Concern about spatial inequalities between regions has grown since the global financial crisis of 2008 (De Ruyter et al., Citation2021; Martin et al., Citation2022). In particular, growing spatial polarisation between the ‘superstar’ cities in which the knowledge economy is concentrated and ‘left-behind’ places has attracted attention from both researchers and policymakers (Bolton et al., Citation2020; Hendrickson et al., Citation2018; Martin et al., Citation2021). Much of this interest has been sparked by the growth of political discontent and populism since the election of Donald Trump in the United States and the Brexit vote in the UK in 2016, based on popular resentment against political elites and institutions (Gordon, Citation2018; Rodrik, Citation2018). ‘Left-behind’ places are commonly portrayed as hotbeds of discontent, taking their revenge against established actors and norms by voting for antisystem parties and movements (Rodríguez-Pose, Citation2018; Rodríguez-Pose et al., Citation2023). This ‘geography of discontent’ (McCann, Citation2020) is evident across a number of countries (Cagé & Piketty, Citation2024; Dvořák & Zouhar, Citation2023; McQuarrie, Citation2017), although specific patterns of populist support vary considerably (Coquard, Citation2019; de Lange et al., Citation2023; Neel, Citation2018).

The concept of ‘left-behind’ places has become widely used to refer to post-industrial cities and towns as well as some rural areas characterised by economic underperformance and decline (Rodríguez-Pose, Citation2018). They are held to have been ‘left-behind’ by broader processes of globalisation, technological change, labour market restructuring and political realignment (Martin et al., Citation2021; Rodríguez-Pose, Citation2018). While the term ‘left-behind’ places is new, these underlying processes have been in operation since at least the 1970s, generating spatially uneven outcomes between growing and underperforming regions (Hudson, Citation2007; Massey, Citation1979). The latter have previously been subject to various labels such as ‘lagging’, ‘depressed’, ‘distressed’, ‘underdeveloped’, ‘disadvantaged’ or ‘deprived’ (Gudgin, Citation1995; Hudson, Citation2007; Martin et al., Citation2021). The post-2008 concern with ‘left-behind’ places can be seen as somewhat Anglo-American in origin, with such regions often referred to by different labels in different countries. These include ‘la France périphérique’ (peripheral France), ‘abgehängte Regionen’ (suspended regions) in Germany, ‘Aree Interne’ (inner areas) in Italy, ‘Krimpgebieden’ (shrinking areas) in the Netherlands, ‘la España vaciada’ (the hollowed-out Spain), and ‘legacy cities’ and the ‘rustbelt’ in the United States (Pike et al., Citation2023, in this issue).

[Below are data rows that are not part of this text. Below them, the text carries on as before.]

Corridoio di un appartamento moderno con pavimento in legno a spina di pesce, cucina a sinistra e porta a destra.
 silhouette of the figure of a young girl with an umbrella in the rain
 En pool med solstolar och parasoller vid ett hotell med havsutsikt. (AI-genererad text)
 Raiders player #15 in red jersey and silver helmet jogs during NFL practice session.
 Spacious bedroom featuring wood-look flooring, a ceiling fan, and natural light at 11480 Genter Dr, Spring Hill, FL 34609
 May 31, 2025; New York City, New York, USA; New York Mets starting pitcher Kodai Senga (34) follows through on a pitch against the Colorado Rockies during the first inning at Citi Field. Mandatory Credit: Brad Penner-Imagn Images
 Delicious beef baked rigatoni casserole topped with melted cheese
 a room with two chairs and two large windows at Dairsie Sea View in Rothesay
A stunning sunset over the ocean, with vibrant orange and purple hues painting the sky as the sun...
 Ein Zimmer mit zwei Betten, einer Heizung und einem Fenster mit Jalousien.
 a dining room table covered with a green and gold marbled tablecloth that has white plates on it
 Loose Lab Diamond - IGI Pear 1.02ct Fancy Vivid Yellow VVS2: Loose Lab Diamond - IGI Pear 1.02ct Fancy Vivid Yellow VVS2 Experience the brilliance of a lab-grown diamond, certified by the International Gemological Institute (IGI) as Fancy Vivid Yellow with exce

Against this backdrop, the aim of this special issue is to advance current debates on regional inequalities by providing a richer and more nuanced cross-national examination of ‘left-behind’ regions. It moves beyond the largely quantitative electoral work that has identified such regions as hotspots of discontent by opening up the condition and feeling of ‘left-behindness’ across a range of socio-spatial contexts. The special issue seeks to develop a broader understanding of the diverse meanings and manifestations of ‘left-behind’ places by: exploring the origins and meaning of the term; examining their production through broader processes of socio-spatial restructuring; (re)conceptualising ‘left-behindness’ in terms of the contrasting feelings of embitterment and hope; and, unpacking how local and national actors respond to decline and marginalisation. Before turning to introduce the individual contributions to the special issue, we provide a broader outline of how ‘left-behind’ places have been conceptualised in the literature.

2. CONCEPTUALISING ‘LEFT-BEHIND’ PLACES

According to Rodríguez-Pose (Citation2018, p. 190), ‘the places that “don’t matter” have increasingly used the ballot box (and, in some cases, outright revolt) to rebel against the feeling of being left-behind; against the feeling of lacking opportunities and future prospects’. As such, political populism has tended to attract higher levels of support in poorer areas that have suffered lengthy periods of decline in which voters feel abandoned and without much hope of improving their prospects. In the US, for instance, recent elections have revealed a growing divide between rapidly growing metropolitan areas and declining small towns and rural areas (Cramer, Citation2016; Hendrickson et al., Citation2018). In Europe, a more nuanced pattern is evident, with people living in suburbs, towns and rural areas feeling less satisfied with democracy and less trusting of political institutions than their counterparts in inner urban areas (Kenny & Luca, Citation2021).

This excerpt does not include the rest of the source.